Volunteer turnout around Public Lands Day is expected to be particularly high in lands that are part of the BLM’s National Landscape Conservation System. The system, which contains 27 million acres of conservation designations, was established in 2000 and took a large step forward when Congress established it permanently this March in the same legislation that designated new protected areas in Washington County. Volunteerism is expected to increase in the conservation system due in part to publicity around its permanent recognition by Congress this year.
“We know how many people were excited to see Utah’s new additions to the National Landscape Conservation System and are thrilled to see how much public enthusiasm there is for helping protect these special places,” said Ray Bloxham of the Southern Utah Wilderness Alliance, which is working with BLM to recruit and coordinate volunteers. “The volunteerism is particularly exciting as BLM prepares to celebrate the Conservation System’s tenth anniversary next year.”

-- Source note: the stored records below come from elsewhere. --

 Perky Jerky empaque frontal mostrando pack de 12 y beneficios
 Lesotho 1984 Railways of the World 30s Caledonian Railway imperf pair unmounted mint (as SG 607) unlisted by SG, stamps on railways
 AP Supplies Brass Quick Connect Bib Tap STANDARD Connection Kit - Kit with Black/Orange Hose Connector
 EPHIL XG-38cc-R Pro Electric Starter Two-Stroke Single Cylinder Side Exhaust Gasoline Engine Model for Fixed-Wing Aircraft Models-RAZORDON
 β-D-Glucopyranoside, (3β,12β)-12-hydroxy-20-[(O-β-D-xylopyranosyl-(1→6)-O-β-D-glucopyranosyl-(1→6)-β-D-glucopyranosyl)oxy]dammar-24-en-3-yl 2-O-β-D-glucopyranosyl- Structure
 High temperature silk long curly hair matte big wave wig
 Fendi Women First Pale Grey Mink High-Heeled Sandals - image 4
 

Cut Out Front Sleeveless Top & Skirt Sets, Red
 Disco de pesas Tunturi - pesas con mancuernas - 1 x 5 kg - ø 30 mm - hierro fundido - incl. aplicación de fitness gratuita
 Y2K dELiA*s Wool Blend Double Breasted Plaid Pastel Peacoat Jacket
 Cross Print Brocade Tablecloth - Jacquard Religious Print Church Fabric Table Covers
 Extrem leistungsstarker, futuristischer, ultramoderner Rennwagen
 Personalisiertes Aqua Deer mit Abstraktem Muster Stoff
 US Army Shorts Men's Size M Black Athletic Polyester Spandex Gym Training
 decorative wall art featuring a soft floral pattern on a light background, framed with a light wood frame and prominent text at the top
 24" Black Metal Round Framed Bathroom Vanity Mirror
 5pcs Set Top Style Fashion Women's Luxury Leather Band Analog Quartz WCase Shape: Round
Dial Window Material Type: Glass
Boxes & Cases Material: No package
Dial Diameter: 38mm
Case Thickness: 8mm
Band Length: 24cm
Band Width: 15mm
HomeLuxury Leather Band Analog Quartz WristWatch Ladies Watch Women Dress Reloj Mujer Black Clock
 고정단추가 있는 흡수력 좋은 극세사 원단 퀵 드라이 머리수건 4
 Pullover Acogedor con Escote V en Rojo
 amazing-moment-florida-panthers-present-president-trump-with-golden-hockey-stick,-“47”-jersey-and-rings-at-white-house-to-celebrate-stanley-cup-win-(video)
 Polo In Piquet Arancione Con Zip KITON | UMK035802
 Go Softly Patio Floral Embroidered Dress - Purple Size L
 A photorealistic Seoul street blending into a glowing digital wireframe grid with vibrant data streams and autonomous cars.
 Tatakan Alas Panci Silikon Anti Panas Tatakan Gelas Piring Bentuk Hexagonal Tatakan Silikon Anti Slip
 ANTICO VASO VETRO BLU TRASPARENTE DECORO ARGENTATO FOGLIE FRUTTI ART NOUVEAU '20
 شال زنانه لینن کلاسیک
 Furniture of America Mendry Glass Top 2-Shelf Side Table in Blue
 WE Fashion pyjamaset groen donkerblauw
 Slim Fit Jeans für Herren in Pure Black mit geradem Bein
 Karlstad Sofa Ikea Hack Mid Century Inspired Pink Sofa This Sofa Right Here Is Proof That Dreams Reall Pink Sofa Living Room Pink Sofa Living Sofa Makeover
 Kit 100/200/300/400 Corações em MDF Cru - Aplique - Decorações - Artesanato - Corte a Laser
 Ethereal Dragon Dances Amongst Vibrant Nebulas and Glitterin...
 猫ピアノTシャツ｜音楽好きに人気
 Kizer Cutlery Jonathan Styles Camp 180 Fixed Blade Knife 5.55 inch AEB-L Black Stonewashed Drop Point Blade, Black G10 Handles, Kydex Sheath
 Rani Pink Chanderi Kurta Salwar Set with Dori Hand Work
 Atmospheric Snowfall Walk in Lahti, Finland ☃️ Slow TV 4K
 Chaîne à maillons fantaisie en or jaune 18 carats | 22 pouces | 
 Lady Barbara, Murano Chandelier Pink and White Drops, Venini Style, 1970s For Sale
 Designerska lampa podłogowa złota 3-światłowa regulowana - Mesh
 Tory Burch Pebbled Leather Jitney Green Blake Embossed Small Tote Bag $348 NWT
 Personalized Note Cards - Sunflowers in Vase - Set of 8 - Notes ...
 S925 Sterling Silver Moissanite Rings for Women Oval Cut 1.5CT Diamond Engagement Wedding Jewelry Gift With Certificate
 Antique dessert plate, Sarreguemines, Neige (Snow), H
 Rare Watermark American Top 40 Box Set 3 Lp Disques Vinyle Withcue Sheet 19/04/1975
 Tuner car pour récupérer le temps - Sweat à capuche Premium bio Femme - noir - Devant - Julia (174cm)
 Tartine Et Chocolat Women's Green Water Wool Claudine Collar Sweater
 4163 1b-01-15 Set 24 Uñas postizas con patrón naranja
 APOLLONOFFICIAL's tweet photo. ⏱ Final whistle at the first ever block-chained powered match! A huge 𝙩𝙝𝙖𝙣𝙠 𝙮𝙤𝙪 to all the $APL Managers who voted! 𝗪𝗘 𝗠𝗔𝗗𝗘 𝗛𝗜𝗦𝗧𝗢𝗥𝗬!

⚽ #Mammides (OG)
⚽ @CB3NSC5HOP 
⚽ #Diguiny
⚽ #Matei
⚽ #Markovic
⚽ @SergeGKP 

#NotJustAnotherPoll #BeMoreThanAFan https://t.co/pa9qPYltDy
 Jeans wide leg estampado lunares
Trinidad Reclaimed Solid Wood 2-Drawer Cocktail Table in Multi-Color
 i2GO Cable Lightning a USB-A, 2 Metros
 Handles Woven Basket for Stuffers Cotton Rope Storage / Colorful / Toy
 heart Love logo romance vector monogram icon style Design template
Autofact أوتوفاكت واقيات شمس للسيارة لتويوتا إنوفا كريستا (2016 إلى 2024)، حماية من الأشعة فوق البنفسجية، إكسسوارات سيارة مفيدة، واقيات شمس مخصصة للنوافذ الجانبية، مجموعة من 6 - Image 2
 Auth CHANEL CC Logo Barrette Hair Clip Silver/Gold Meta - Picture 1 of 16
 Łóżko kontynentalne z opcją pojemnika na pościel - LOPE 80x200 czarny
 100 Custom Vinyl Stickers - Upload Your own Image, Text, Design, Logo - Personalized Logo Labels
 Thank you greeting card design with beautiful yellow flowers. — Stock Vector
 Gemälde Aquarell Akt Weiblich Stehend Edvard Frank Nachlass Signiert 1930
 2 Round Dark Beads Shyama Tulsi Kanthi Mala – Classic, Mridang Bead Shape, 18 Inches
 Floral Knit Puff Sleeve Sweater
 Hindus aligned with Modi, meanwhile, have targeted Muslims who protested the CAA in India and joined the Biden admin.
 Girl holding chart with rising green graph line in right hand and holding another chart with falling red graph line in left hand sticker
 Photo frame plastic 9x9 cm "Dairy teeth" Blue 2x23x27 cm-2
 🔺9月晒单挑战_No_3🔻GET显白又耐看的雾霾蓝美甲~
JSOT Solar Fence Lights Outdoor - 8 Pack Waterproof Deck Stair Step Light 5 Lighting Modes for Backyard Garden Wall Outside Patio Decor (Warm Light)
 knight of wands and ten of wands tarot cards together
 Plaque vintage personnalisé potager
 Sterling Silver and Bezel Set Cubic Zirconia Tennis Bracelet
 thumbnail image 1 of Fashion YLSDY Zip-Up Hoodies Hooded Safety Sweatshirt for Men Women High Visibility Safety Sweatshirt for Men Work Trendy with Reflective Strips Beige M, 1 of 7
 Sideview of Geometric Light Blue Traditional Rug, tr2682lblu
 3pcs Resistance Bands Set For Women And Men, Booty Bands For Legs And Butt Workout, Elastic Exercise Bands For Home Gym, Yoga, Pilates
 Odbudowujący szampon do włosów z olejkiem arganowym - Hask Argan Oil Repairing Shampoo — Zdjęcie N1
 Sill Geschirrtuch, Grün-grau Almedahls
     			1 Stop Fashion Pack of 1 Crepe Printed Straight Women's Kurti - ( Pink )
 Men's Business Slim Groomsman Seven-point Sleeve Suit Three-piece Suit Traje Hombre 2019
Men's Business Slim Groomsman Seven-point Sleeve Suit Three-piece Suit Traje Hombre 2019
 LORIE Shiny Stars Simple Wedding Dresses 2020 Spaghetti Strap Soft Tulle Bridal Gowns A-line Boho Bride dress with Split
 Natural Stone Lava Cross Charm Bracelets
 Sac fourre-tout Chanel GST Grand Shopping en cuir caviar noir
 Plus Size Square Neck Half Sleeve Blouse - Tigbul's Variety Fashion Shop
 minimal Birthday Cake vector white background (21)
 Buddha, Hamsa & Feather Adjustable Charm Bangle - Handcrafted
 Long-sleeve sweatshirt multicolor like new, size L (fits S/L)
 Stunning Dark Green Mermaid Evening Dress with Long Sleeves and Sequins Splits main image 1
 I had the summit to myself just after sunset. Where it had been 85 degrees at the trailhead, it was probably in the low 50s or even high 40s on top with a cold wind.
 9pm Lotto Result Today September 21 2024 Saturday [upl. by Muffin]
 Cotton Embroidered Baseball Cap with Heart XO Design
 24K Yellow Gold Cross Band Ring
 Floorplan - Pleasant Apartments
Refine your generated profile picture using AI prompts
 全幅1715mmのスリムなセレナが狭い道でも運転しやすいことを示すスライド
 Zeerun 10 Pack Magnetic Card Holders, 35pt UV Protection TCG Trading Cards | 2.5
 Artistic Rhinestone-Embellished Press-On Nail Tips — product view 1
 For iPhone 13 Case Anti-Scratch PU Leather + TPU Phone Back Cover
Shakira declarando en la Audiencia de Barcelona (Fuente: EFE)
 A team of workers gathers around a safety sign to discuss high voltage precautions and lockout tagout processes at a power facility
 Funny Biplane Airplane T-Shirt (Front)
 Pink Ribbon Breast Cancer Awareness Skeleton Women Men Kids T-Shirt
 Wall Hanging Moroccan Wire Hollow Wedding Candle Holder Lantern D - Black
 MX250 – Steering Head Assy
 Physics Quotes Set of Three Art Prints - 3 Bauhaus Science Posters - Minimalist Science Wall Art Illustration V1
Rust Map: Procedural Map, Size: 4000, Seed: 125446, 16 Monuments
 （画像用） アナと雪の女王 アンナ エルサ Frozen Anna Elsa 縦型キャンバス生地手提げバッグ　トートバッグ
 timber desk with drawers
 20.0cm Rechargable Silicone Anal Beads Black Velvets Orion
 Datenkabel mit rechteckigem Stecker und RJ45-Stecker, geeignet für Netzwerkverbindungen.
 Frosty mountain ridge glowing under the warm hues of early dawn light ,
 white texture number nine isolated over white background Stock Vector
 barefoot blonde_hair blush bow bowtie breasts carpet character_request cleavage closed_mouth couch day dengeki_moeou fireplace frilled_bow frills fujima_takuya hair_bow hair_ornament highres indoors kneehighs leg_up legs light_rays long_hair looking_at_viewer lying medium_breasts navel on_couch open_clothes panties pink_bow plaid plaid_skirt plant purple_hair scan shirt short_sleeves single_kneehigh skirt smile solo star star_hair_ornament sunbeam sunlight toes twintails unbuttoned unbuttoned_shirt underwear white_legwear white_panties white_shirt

In Utah, volunteers with Great Old Broads for Wilderness and Sierra Club will maintain trails, remove unauthorized fire rings, restore areas impacted by vehicle tracks entering Wilderness Study Areas (WSA), sign WSA boundaries, remove graffiti and monitor ancient archeological sites for illegal digging and vandalism on Cedar Mesa. At the newly designated Red Butte Wilderness Area in southwestern Utah’s Washington County, volunteers will help to implement the new Wilderness designation by eliminating vehicle tracks that enter the area, signing area boundaries where appropriate, rehabilitating and removing unsightly fire rings and generally cleaning up trash. Last week at the Westwater Canyon Wilderness Study Area, volunteers removed trash and non-native species and cleaned up campsites along the Colorado River.
Volunteerism on National Landscape Conservation System lands demonstrates the value of these special places to the public, with volunteerism increasing overall in the System. Last year, citizens across the country donated 344,000 hours of work at a value of nearly $7 million, equal to 13% of the System’s entire budget. The System’s lean budget makes these contributions even more valuable: last year, the System received barely more than $2.50 per acre for management, much less than other federal public lands systems. “There is no greater opportunity for the Conservation System to live up to its potential than to invest in volunteer programs,” said Rose Chilcoat of Great Old Broads for Wilderness.
“We’d love to see BLM commit a few more staff to these programs,” added John Garder of The Wilderness Society. “For almost $20 in returns for every dollar spent, they could see additional on-the-ground restoration projects that would return their investment tenfold, while also training the next generation of land managers.”